Mystery and the Supernatural

-      There’s lot of older and classical fiction with the similar suspense of YA bestsellers such as We Were Liars. I promise Daphne du Maurier’s Rebecca will have you on the edge of your seat, never has my heart pounded so much while reading a novel! I won’t give too much away but it follows the marriage of a young woman who is overshadowed by her husband’s deceased ex-wife. With the terrifying Mrs Danvers and the atmospheric setting she begins to feel Rebecca, though dead, is well and truly the mistress of the house.

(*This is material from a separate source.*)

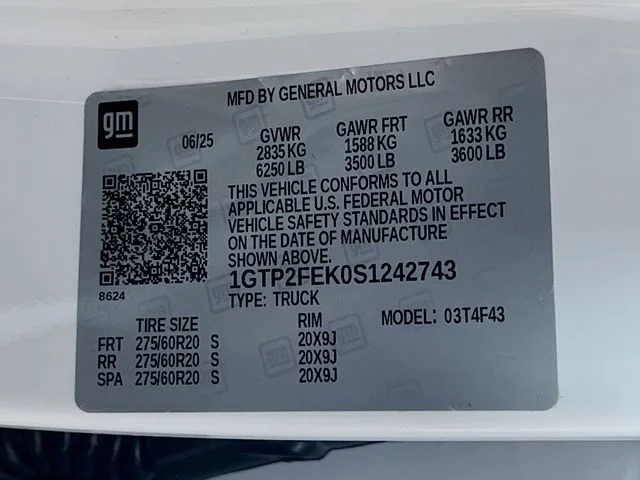 Used 2025 White GMC Denali image 10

-      Beloved by Toni Morrison is a fresh take on the genre set just after the American Civil War. It revolves around a family only recently freed from slavery who have ghosts of all kinds to grapple with. It’s a moving story that merges historical fiction, mystery and surrealism into a haunting tale. For something more traditional The Turn of the Screw by Henry James is a short horror for fans of the classic supernatural style.

-      If you’re eager for an author that’s fast paced, funny and always one step of head of you dive into Patricia Highsmith starting with The Talented Mr Ripley.

Something a little bit different….

-      These books are modern texts that avoid easy categorisation-and therein lies the fun! You will definitely encounter Zadie Smith if you enjoy reading but make sure not to miss NW or The Autograph Man for ingenious characters and a unique narrative style.

-      Angela Carter is a wonderful author whose electric writing has captivated many. Pick up Nights at the Circus for a dizzying adventurous novel filled with Victorian circuses, angels, bears, showgirls and the Tran Siberian railway.